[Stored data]
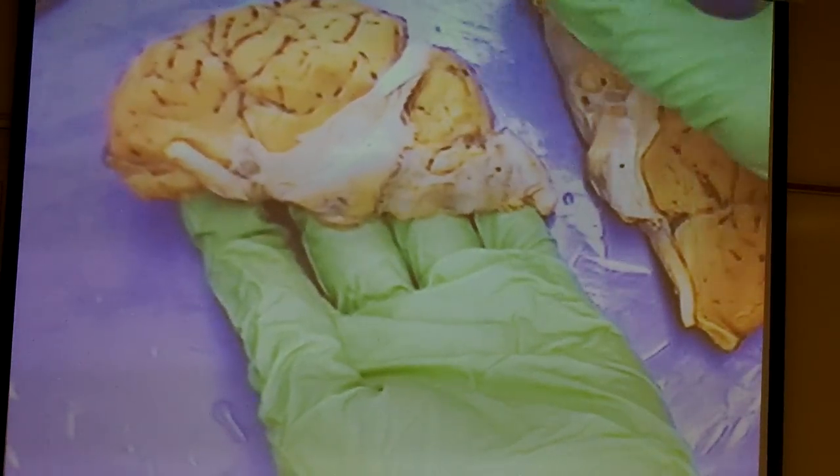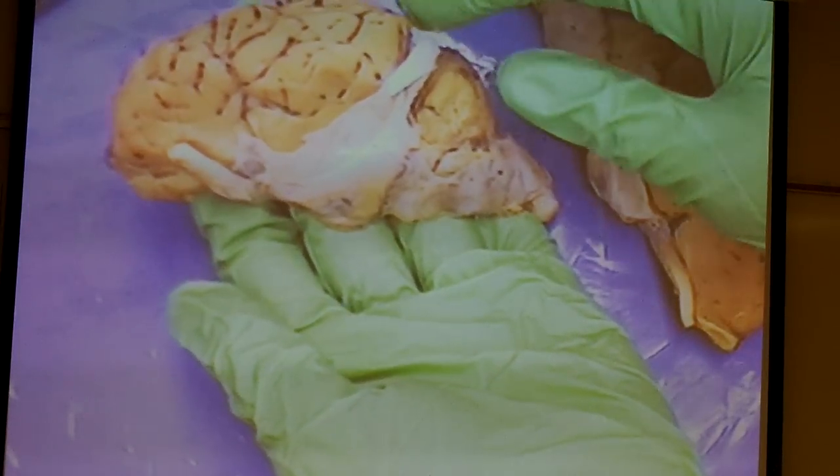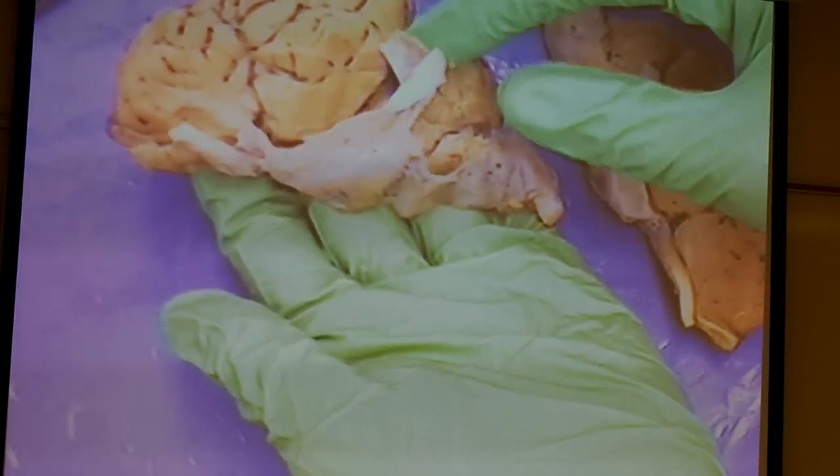The first thing that you should notice, or maybe not depending on the sheep brain that you have in front of you, is that some of them still have their meninges, the outer wrapping.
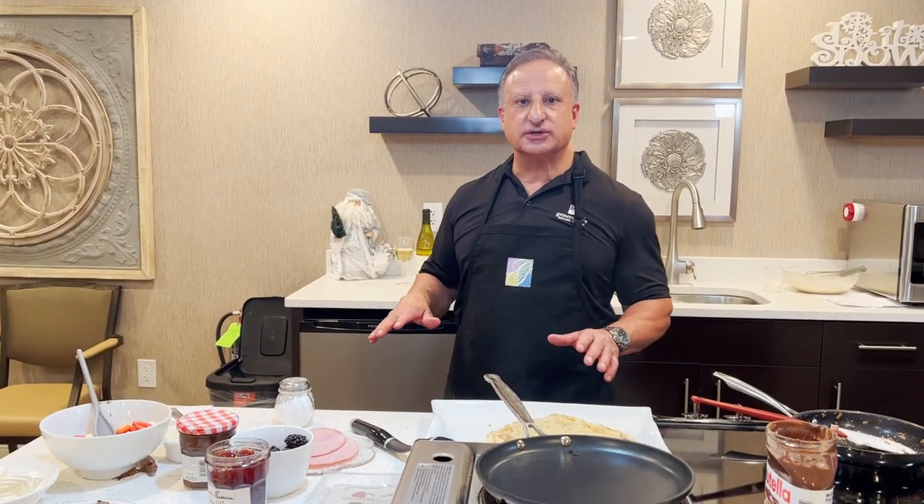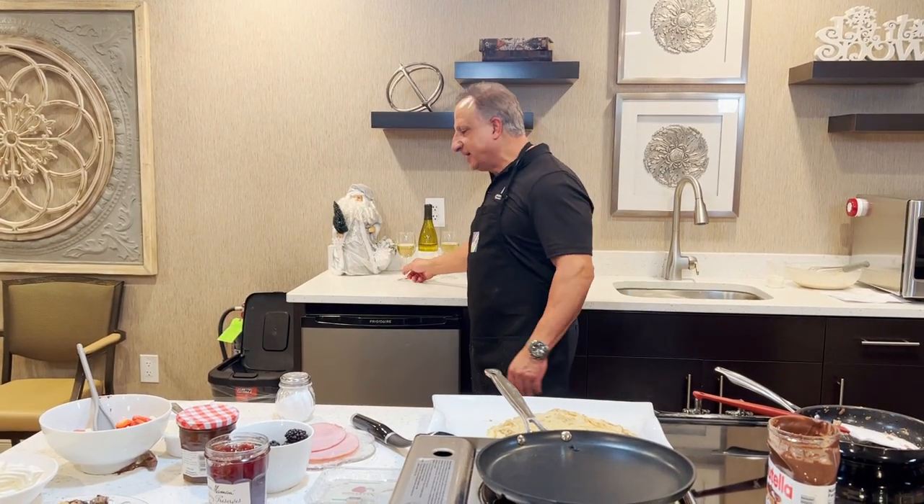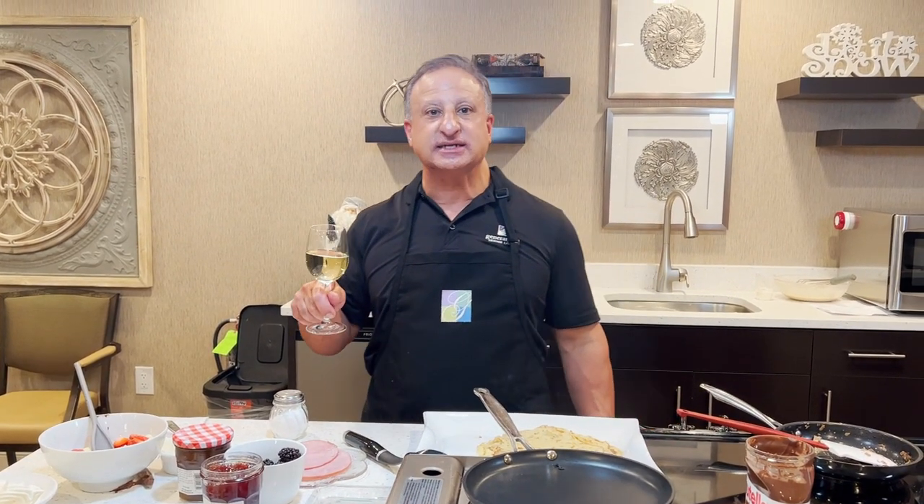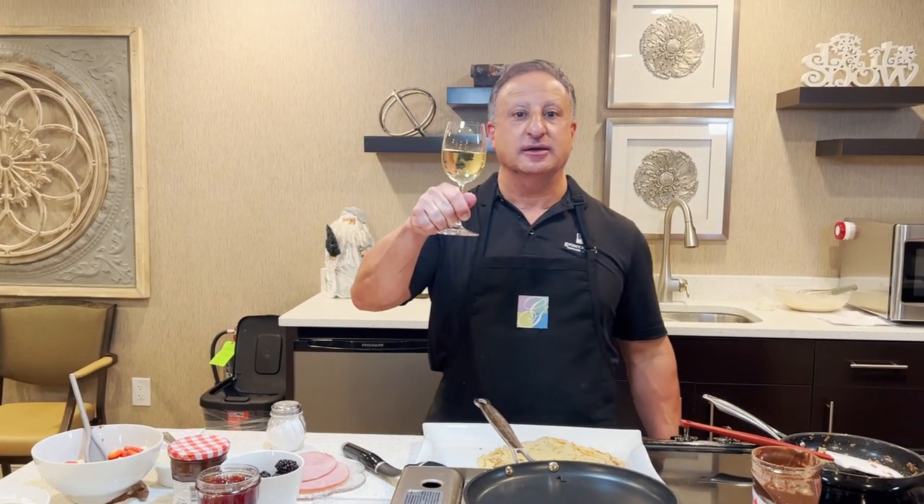So we're done! The best thing to do now is grab our wine. What goes well with crepes is white wine — I have a Chardonnay here. And as they say in Croatia, 'gingile,' which means cheers. Cheers!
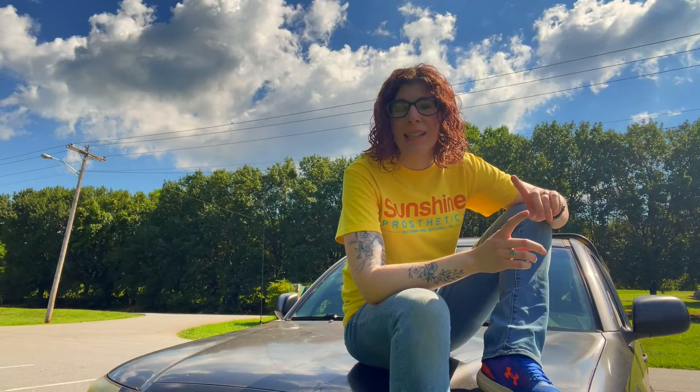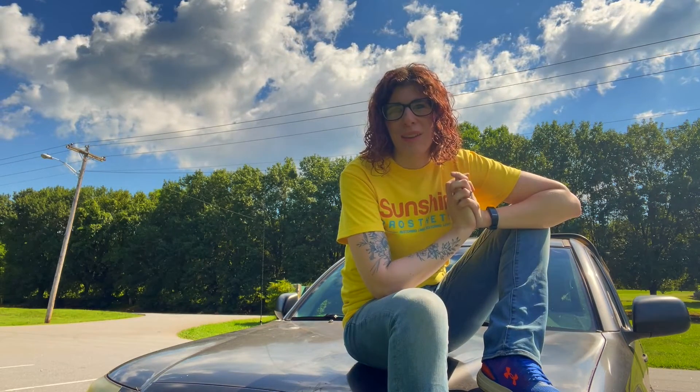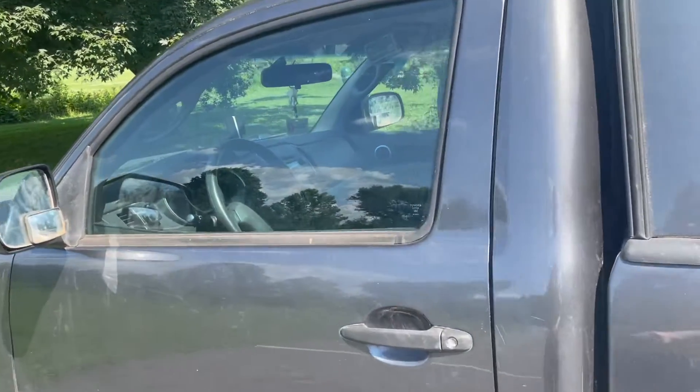I'm going to be taking you guys on a tour of Little Tank, and if you are curious how Little Tank got his name, go ahead and comment down below and I would love to share that story with you. So we will get started in the cab.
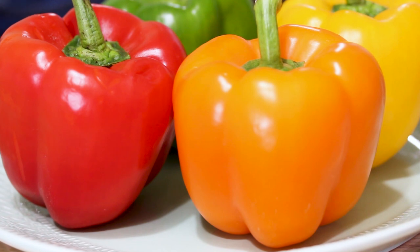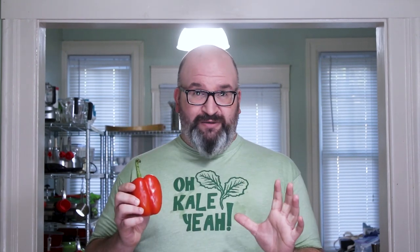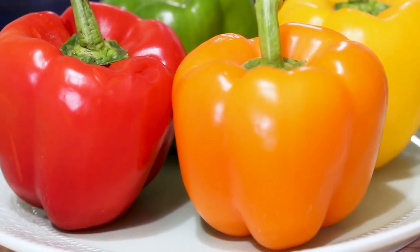Actually, you cannot tell the gender of a bell pepper because the bell pepper is just a fruit. It's a fruit of a plant and fruits don't have genders. Now the plants do, the species do — bell pepper plants actually have both. They come from the nightshade family like tomatoes and other vegetables. Those plants have both female and male organs in the flower; it's actually considered a perfect flower in that sense. So bell peppers have no gender whatsoever. The flower that produces the bell pepper has both — all genders, if you will.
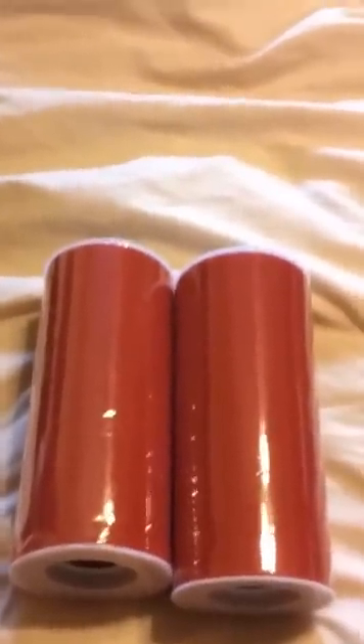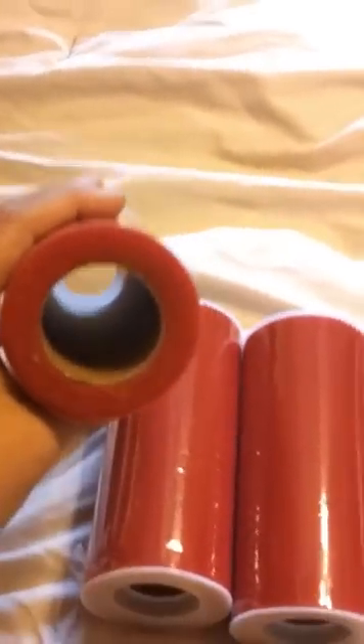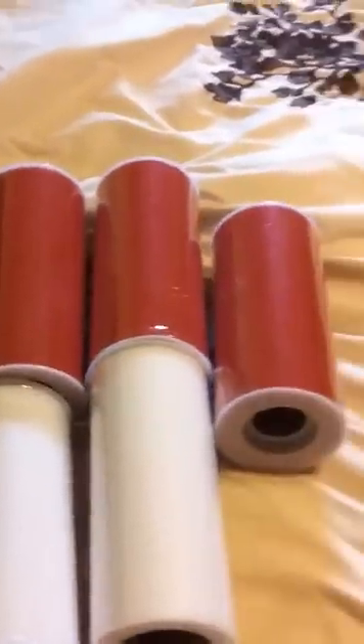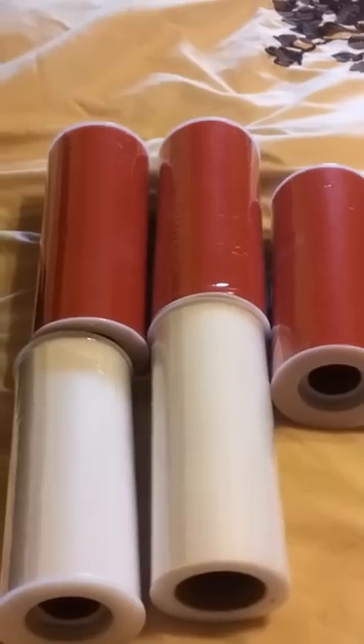I got red, white, and green. I got three red spools and each spool comes with 25 yards. For the wreath that I made with three colors, I used two spools of each color — six spools altogether for one wreath. So I got three regular red, two regular white — they're just regular white spools, six inches by 25 yards — and then I got two shimmery red.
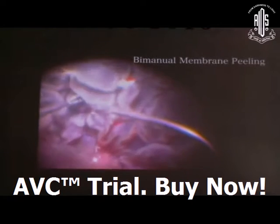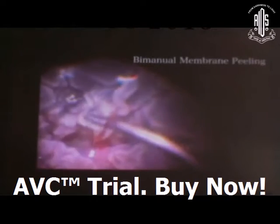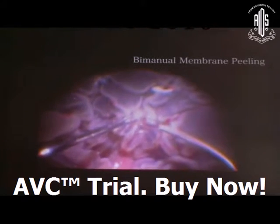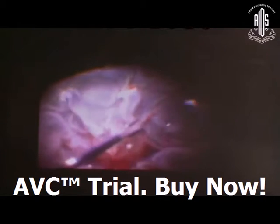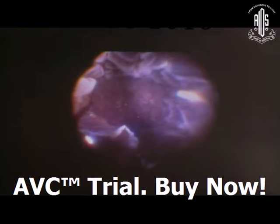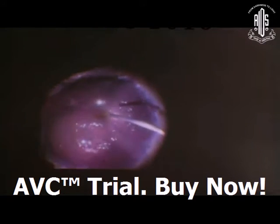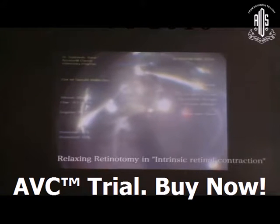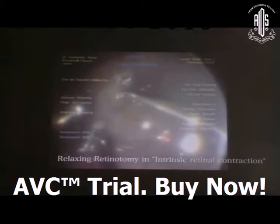In a PVR D2-like situation, I am releasing the fixed folds with the help of a grasping forcep and the Allen peeling forcep. After releasing the fixed folds as much as possible — not necessarily 100% — you can assess the area after injecting PFCL. In this type of situation, intrinsic retinal contraction may also be realized.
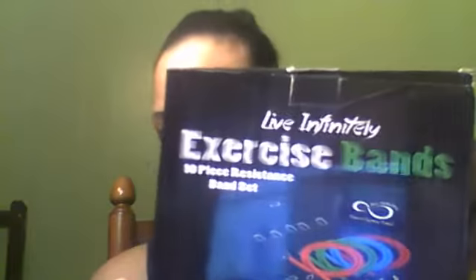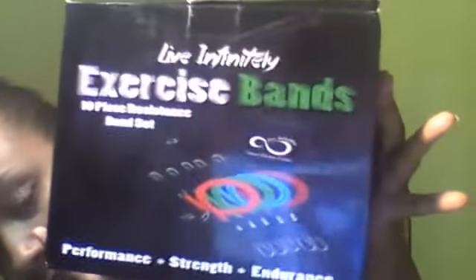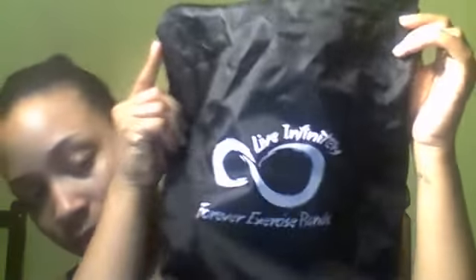Hello, tonight I'm reviewing this set of workout resistance bands. It comes in a really nice bag with a zipper and a handle for easy toting. It's really roomy, so I'm able to put everything back inside, because this is a really large set especially for the price, and the bag fits everything.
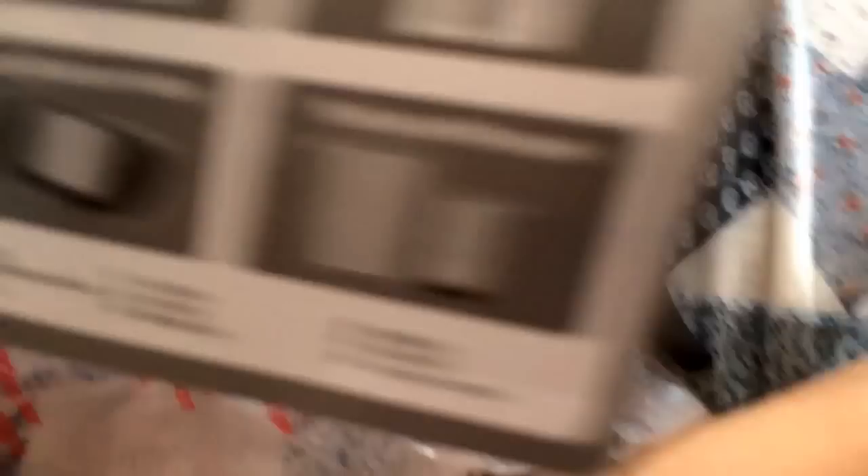There you guys go. Like I said, pretty good price. As of now I'm not sure if they're gonna change at all. But Triton is a very good company, so I suggest you guys buy these as soon as you can if you guys don't have a headset already. It goes with the Wii U, the 3DS, your phones and stuff, and then PS Vita.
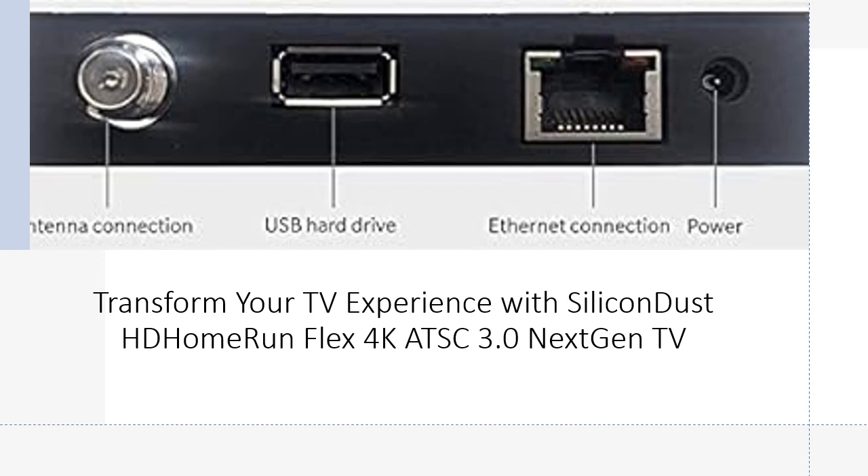Watch free-to-air ATSC 3.0 and ATSC 1.0 TV content on a wide range of devices — including Xbox, Roku Ultra, Apple TV, iPhone, iPad, and more — over your existing Wi-Fi or wired network.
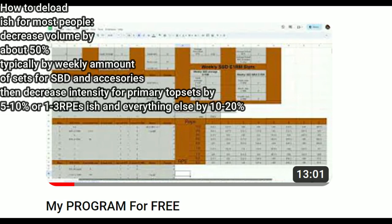What I recommend is a one-week deload — do pretty much the same as the last week of the program but with around half the volume and a 20% decrease in intensity. After that, you can do your one-rep max tests.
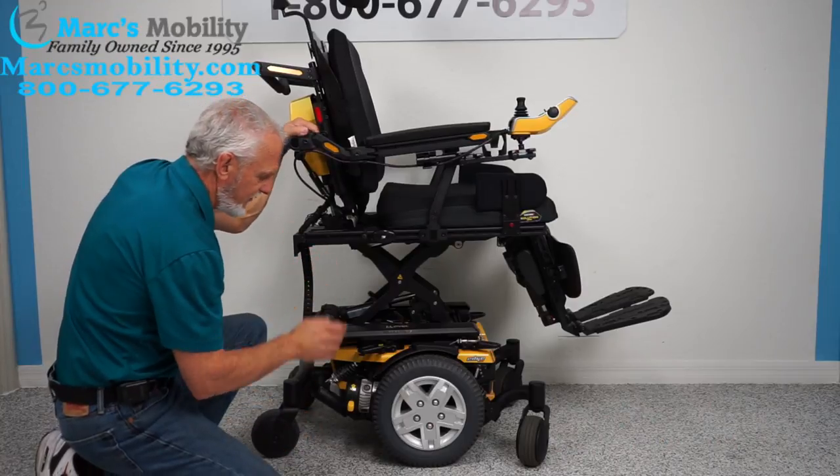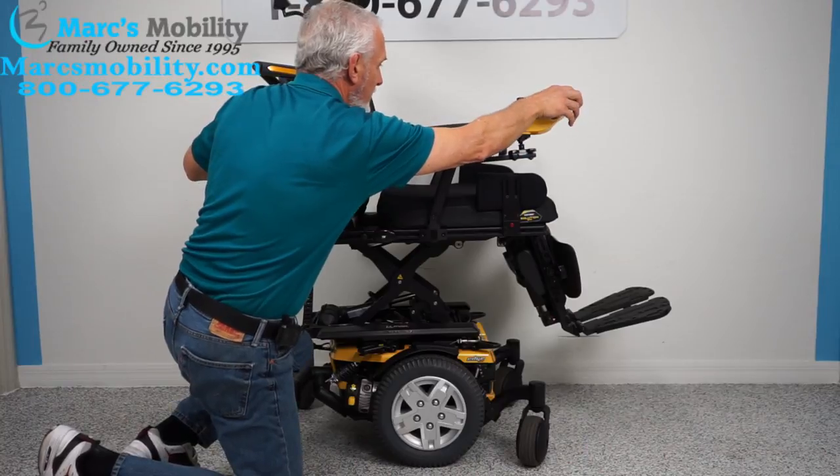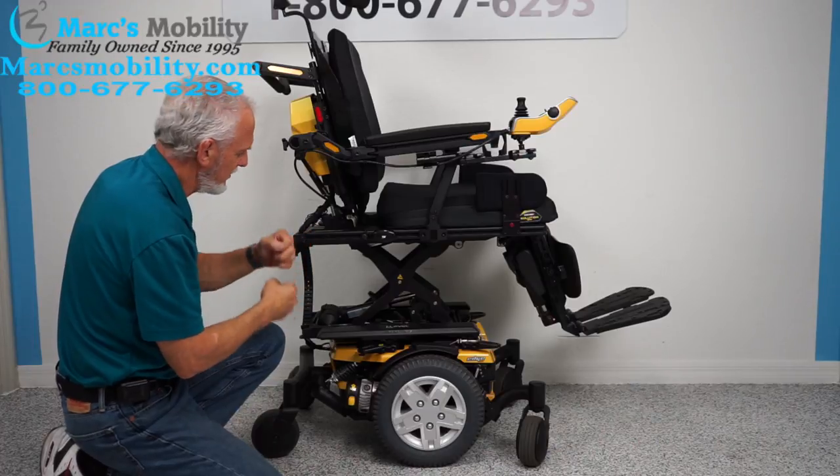When you're done, do not forget to put it back in gear, then you can turn your power back on. The reason you want the power off when you put it in neutral is you want no resistance in the motor.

Exercise description
The records above should be reproduced exactly, with the pictures omitted.

Exercise answer
The first thing that you should notice, or maybe not depending on the sheep brain that you have in front of you, is that some of them still have their meninges, the outer wrapping.
So we're done! The best thing to do now is grab our wine. What goes well with crepes is white wine — I have a Chardonnay here. And as they say in Croatia, 'gingile,' which means cheers. Cheers!
I'm going to be taking you guys on a tour of Little Tank, and if you are curious how Little Tank got his name, go ahead and comment down below and I would love to share that story with you. So we will get started in the cab.
Actually, you cannot tell the gender of a bell pepper because the bell pepper is just a fruit. It's a fruit of a plant and fruits don't have genders. Now the plants do, the species do — bell pepper plants actually have both. They come from the nightshade family like tomatoes and other vegetables. Those plants have both female and male organs in the flower; it's actually considered a perfect flower in that sense. So bell peppers have no gender whatsoever. The flower that produces the bell pepper has both — all genders, if you will.
I got red, white, and green. I got three red spools and each spool comes with 25 yards. For the wreath that I made with three colors, I used two spools of each color — six spools altogether for one wreath. So I got three regular red, two regular white — they're just regular white spools, six inches by 25 yards — and then I got two shimmery red.
In a PVR D2-like situation, I am releasing the fixed folds with the help of a grasping forcep and the Allen peeling forcep. After releasing the fixed folds as much as possible — not necessarily 100% — you can assess the area after injecting PFCL. In this type of situation, intrinsic retinal contraction may also be realized.
Hello, tonight I'm reviewing this set of workout resistance bands. It comes in a really nice bag with a zipper and a handle for easy toting. It's really roomy, so I'm able to put everything back inside, because this is a really large set especially for the price, and the bag fits everything.
There you guys go. Like I said, pretty good price. As of now I'm not sure if they're gonna change at all. But Triton is a very good company, so I suggest you guys buy these as soon as you can if you guys don't have a headset already. It goes with the Wii U, the 3DS, your phones and stuff, and then PS Vita.
Watch free-to-air ATSC 3.0 and ATSC 1.0 TV content on a wide range of devices — including Xbox, Roku Ultra, Apple TV, iPhone, iPad, and more — over your existing Wi-Fi or wired network.
What I recommend is a one-week deload — do pretty much the same as the last week of the program but with around half the volume and a 20% decrease in intensity. After that, you can do your one-rep max tests.
When you're done, do not forget to put it back in gear, then you can turn your power back on. The reason you want the power off when you put it in neutral is you want no resistance in the motor.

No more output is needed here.